(146c) Machine Learning Techniques Applied to Classical Product Properties | AIChE

(146c) Machine Learning Techniques Applied to Classical Product Properties

In recent years, the increasing integration of the Internet of Things into production industry is at the genesis of a new digital industrial revolution known as Industry 4.0 [1]. The core component of Industry 4.0 is the concept of the digital twin.

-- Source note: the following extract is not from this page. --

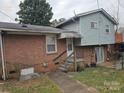 Brick and light blue vinyl siding home with steps leading to a back door at 3219 Sutton Dr, Charlotte, NC 28216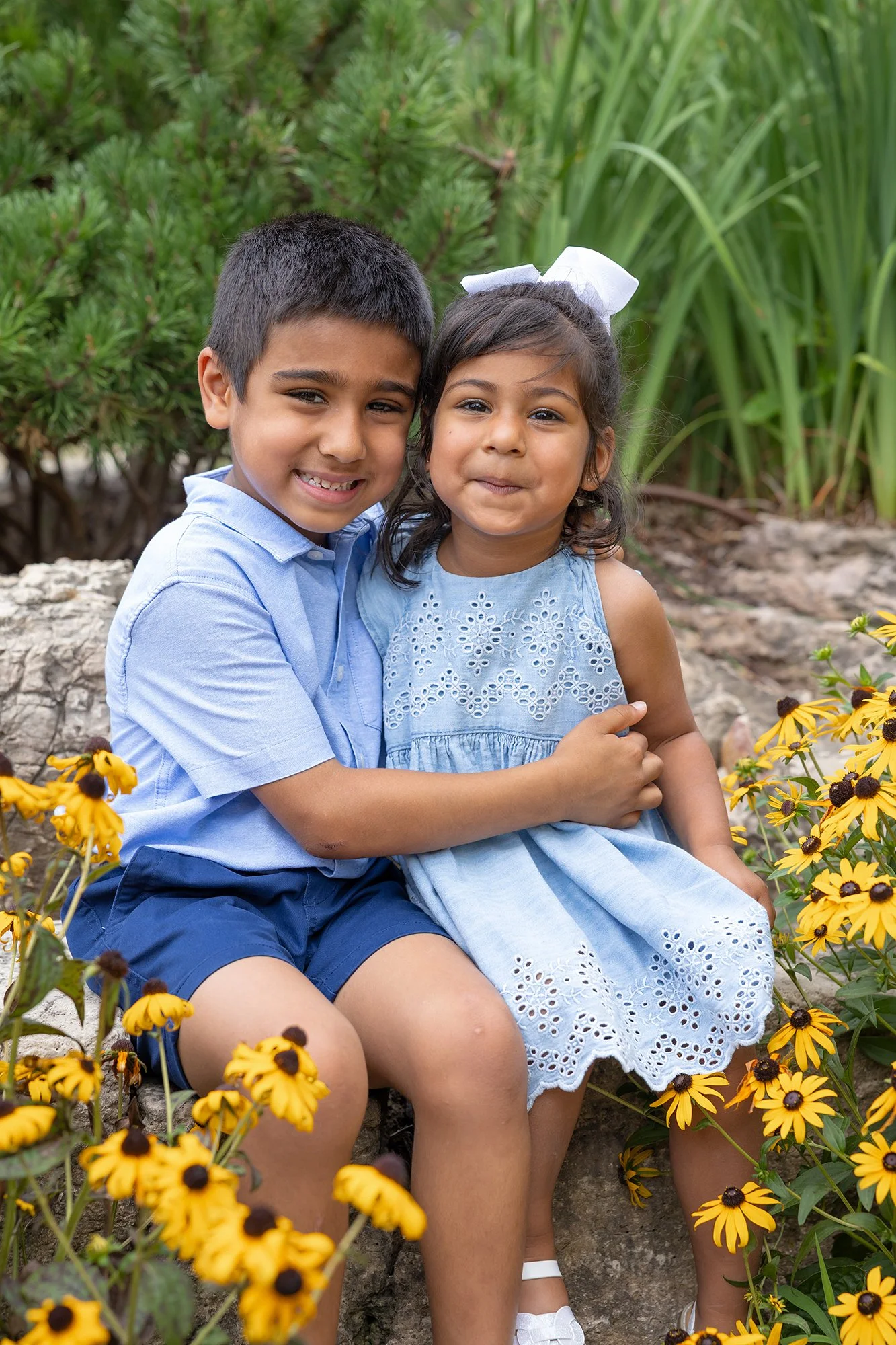 A young boy and girl sitting together on a rock, surrounded by yellow flowers and green foliage, smiling at the camera.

The main objectives of digital twin are to replace or reduce expensive, time-consuming physical experiments with rapid, inexpensive computer simulation [2].

Accurate and reliable predictive models for physicochemical properties of Hydrocracking process (HCK) products are extremely important. It can help petroleum refinery industries to save time and expansion on costly experiments. In our case, this is the main motivation to synthesize the available knowledge base of HCK process to build a digital twin capable of predicting the product properties of valuable petroleum fractions based on scientific principles. However, for the efficient execution of digital twins is it required to use the different steps of the Knowledge Discovery in Databases-process (KDD-process) [3]. That means automatic extraction of non-obvious, hidden knowledge from large volumes of data [4]. Ideally, the twin would enable:

  1. Data cleaning and preprocessing to handle:

    • missing data items by deletion or imputation approach,
    • unexpected values (variables under consideration are expected to have values within a predefined range) by expert pre-processing.
  2. Outliers Detection to identify and remove unwanted samples from data. In this work, we use the Local Outlier Factor (LOF) technique [5].
  3. Variables selection to select optimum number of variables from a large pool of variables. In the present work we applied leaps [6] and Random Forests [7] algorithms to determine suitable descriptors.
  4. Machine learning to build models that characterize the impact of different physicochemical properties of the product. For this, Linear Regression, Kriging ,Support Vector Regression , Random Forest and Gradient Boosting Machine are proposed
  5. Validation of the models using either a dedicated database or cross-validation techniques.

The proposed twin was tested to predict the specific gravity of the vacuum gasoil (VGO), diesel and heavy naphtha cuts in Mild HCK (process that uses low to intermediary pressures and relatively low conversions). The results from this work will be presented. Results are promising but many unforeseen difficulties had to be addressed.

In the future, the proposed framework can also be used to predict other properties (cetane number, sulphur and nitrogen content, etc.) with several process (High Pressure Hydrocracking, FCC …). Furthermore, this type of methodology is also extended to predict industrial deactivation.


[1] F. Shrouf, J. Ordieres, G. Miragliotta. Smart factories in Industry 4.0: A review of the concept and of energy management approached in production based on the Internet of Things paradigm. 2014 IEEE International Conference on Industrial Engineering and Engineering Management, 2014, 697-701.

[2] Grieves M., Vickers J. Digital Twin: Mitigating Unpredictable, Undesirable Emergent Behavior in Complex Systems, in Transdisciplinary Perspectives on Complex Systems: New Findings and Approaches. Éd. F.-J. Kahlen, S. Flumerfelt, A. Alves. Springer International Publishing, Cham, 2017, 85-113.

[3] Schuh G., Rudolf S., Riesener M., others. Design for Industrie 4.0. 2016 14th International Design Conference, 1387-1396.

[4] Fayyad U., Piatetsky-Shapiro G., Smyth P. The KDD Process for Extracting Useful Knowledge from Volumes of Data, Commun. ACM, 1996, 39, 11, 27-34. DOI: 10.1145/240455.240464.

[5] Ding H., Ding K., Zhang J., Wang Y., Gao L., Li Y., Chen F., Shao Z., Lai W. Local outlier factor-based fault detection and evaluation of photovoltaic system, Solar Energy, 2018, 164, 139-148. DOI: 10.1016/j.solener.2018.01.049.

[6] Feorge M. Furnival, Robert W. Wilson. Regressions by Leaps and Bounds, 16, 1974.

[7] Genuer R., Poggi J.-M., Tuleau-Malot C., Villa-Vialaneix N. Random Forests for Big Data, Big Data Research, 2017, 9, 28-46. DOI: 10.1016/j.bdr.2017.07.003.